*What you need to do*
Go through the listing below and write out exactly the lines from the one that mentions "Pixel Art Olive" through the one that mentions "Watercolor Tropical Greenery", minus the pictures.

*Provided records*
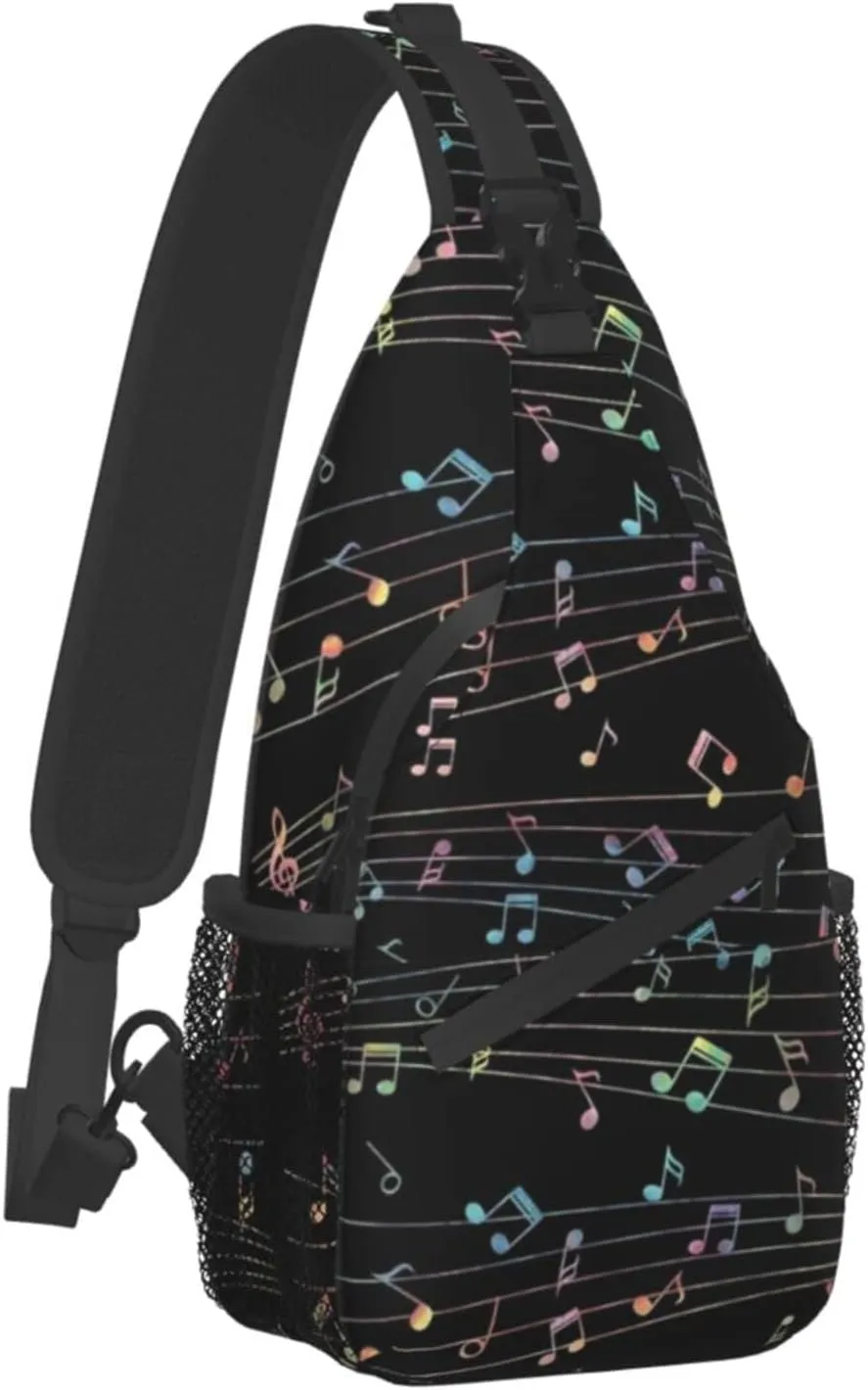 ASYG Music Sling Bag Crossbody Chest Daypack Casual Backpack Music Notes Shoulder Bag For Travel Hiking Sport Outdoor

==

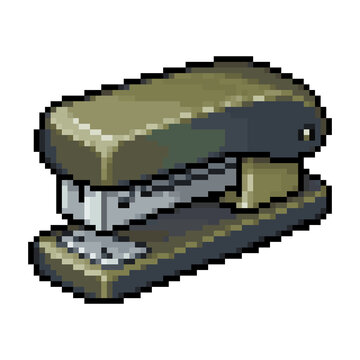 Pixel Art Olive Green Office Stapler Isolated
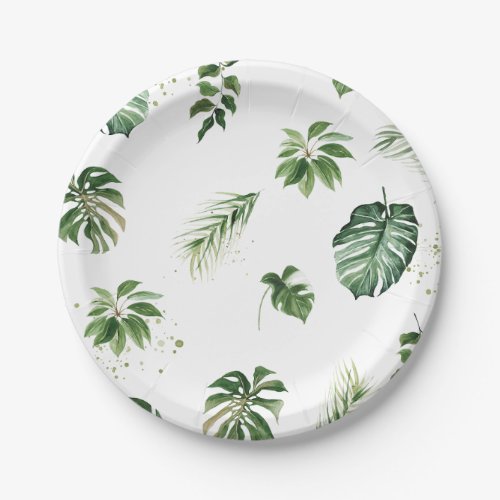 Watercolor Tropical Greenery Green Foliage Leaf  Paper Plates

*Solution for this problem*
 Pixel Art Olive Green Office Stapler Isolated
 Watercolor Tropical Greenery Green Foliage Leaf  Paper Plates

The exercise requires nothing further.